Libraries around the country continue to struggle to meet the needs of patrons through the expanded use of technology. That struggle just got a bit harder. In recent news, many publishing houses are now placing restrictions on the lending of e-books to library patrons. In the past, we’ve commented on public libraries that are now offering e-book downloads to patrons using their library account. Unfortunately, at a recent library conference, it was announced that major trade publishers have agreed to offer their e-book content for lending – but with restrictions. These restrictions limit the means by which patrons may access online content, in many cases requiring a patron to be on-site in order to download e-book material. Additionally, availability is severely limited and some publishers are now requiring that only one copy may be checked out at a time. We’ve seen this before. This type of enforcement is similar to the type of restrictions in place for music and movie sharing.

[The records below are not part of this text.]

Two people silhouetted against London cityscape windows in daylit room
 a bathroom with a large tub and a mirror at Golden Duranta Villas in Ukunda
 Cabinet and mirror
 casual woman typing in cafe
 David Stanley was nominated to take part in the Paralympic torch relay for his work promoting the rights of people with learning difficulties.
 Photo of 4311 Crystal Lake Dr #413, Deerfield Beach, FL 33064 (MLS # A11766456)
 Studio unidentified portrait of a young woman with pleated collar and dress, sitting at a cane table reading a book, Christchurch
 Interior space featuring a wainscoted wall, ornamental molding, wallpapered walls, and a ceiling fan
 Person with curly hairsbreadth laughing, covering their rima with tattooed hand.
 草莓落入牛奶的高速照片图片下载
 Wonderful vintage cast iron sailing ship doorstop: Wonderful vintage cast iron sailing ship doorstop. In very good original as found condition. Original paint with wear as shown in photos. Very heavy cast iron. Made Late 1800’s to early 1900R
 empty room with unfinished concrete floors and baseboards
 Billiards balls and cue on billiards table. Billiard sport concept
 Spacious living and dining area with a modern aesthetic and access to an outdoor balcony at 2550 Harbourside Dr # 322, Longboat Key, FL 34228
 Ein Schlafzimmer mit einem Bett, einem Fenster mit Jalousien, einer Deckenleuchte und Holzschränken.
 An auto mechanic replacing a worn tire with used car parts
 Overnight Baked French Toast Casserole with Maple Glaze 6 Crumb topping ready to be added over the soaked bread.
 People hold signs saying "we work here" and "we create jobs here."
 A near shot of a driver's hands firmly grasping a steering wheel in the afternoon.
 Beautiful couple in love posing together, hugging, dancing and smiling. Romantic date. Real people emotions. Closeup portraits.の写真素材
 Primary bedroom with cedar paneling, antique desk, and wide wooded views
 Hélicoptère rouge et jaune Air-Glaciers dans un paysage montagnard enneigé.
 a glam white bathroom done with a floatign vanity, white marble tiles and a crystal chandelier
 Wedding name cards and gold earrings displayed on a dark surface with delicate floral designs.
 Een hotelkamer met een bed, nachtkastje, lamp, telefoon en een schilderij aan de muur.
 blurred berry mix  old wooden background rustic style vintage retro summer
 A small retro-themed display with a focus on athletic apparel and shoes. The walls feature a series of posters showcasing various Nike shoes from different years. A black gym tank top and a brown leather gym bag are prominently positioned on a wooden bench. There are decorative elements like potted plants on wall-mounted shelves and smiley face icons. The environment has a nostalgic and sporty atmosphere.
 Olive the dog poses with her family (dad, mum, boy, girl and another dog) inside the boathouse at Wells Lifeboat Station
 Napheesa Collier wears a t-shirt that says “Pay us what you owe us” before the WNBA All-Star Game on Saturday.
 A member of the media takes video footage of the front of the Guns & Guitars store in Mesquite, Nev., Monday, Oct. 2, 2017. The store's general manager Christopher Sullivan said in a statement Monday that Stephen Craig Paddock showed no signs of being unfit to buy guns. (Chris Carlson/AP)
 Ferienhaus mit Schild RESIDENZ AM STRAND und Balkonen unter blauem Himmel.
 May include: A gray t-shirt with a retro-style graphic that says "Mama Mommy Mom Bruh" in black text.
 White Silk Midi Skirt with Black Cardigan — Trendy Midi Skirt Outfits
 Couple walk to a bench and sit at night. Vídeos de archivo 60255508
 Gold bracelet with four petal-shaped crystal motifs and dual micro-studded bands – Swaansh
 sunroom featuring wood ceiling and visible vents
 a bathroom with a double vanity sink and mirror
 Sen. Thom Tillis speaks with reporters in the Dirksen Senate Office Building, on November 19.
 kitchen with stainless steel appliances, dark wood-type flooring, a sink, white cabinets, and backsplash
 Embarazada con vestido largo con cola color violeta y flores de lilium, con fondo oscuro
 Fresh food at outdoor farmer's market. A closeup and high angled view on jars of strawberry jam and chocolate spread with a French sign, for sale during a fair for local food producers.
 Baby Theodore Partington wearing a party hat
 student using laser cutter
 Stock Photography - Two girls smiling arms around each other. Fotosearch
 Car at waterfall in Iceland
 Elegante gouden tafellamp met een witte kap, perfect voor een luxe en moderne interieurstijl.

Not all publishers, however, are on board. Several will continue to provide access to their e-books without these types of controls. According to Springer-Verlag (an international publisher in science and technology):
“Libraries buy direct from us and they own the content,” says the publisher’s director of channel marketing George Scotti. “Once users download content, they can give it out, share, whatever. They own it. Some of our competitors are afraid to do this, but we say, free the content.”
That’s good to hear. As the article states, library systems make up only about 4% of book sales. It’s, therefore, unlikely that the lending of e-content would have a significant impact on the publishing industry.
In related digital news, it was recently announced that U.S. News and World Report will discontinue its monthly print publication to move entirely to a digital model. The last print issue will publish in December. This is a major milestone. U.S. News & World Report dates back to 1948. The shift to all digital content signals major changes in the publishing industry – primarily in the dominant way in which we access and engage content. It’s likely that other publications may soon follow suit- abandoning print altogether, and opting for a more flexible and efficient digital model.
Beginning in 2011, readers can find the magazine electronically, on their iPad or Android-based devices – perhaps even lent to you in e-form through your local library.